Regulatory agencies like the FDA have issued warnings about the dangers of MMS, highlighting that it is not only ineffective for treating the conditions it claims to cure but also potentially life-threatening. The FDA has received numerous reports of severe adverse reactions and even deaths linked to the ingestion of MMS. The promotion of this product as a miracle cure is not only misleading but also dangerous, putting vulnerable individuals at risk of serious health complications.

Given the significant health risks and the lack of proven benefits, MMS is widely disapproved by the medical community. Most healthcare professionals strongly advise against using MMS for any purpose, emphasizing the importance of seeking evidence-based treatments for health conditions. The consensus is clear: Miracle Mineral Solution is not a safe or effective treatment, and its use should be avoided to prevent potentially devastating consequences.[9]

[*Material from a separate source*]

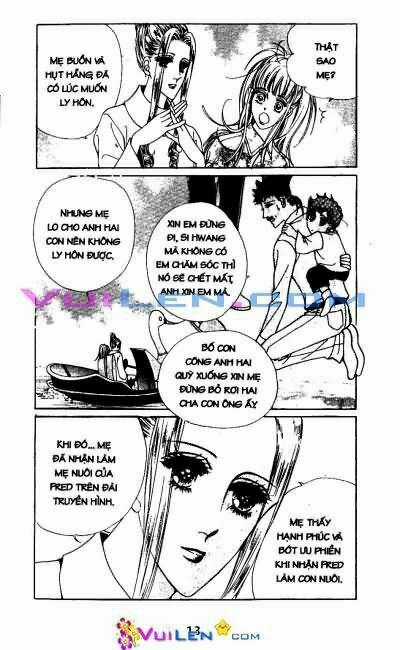 Wow - Chapter 10 - Trang 13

1 The Baby Drop: A Shocking Ritual for Good Fortune

Bizarre baby tossing ritual in India

In parts of India, a startling ritual known as “baby dropping” has been practiced for over 700 years, with the belief that it brings good health and luck to infants. This ritual involves dropping babies from a height of approximately 30 to 50 feet off temple roofs into a cloth held by villagers below. It is primarily observed by certain Hindu and Muslim communities, who trust that the practice will ensure their children’s robust health and prosperous futures. The ritual is particularly common in the state of Karnataka, where it continues to attract significant attention and controversy.

Despite its cultural significance, the practice has been met with widespread condemnation from medical professionals and child welfare advocates who highlight the serious risks involved. Experts warn that dropping infants from such heights, even when caught in a cloth, can cause severe physical and psychological trauma. The potential for injury, including brain damage and developmental issues, is significant, prompting concerns over the well-being of these children. The practice has drawn criticism for being hazardous and anachronistic, given a modern understanding of child health and safety.

Efforts to end the baby drop ritual have increased, with local authorities and human rights organizations working to educate communities about the dangers and encourage safer alternatives. However, the ritual persists in some areas due to deep-seated cultural beliefs and resistance to change. Most health professionals and child advocates urge against continuing this practice, emphasizing that protecting children’s health and safety should take precedence over traditional customs.[10]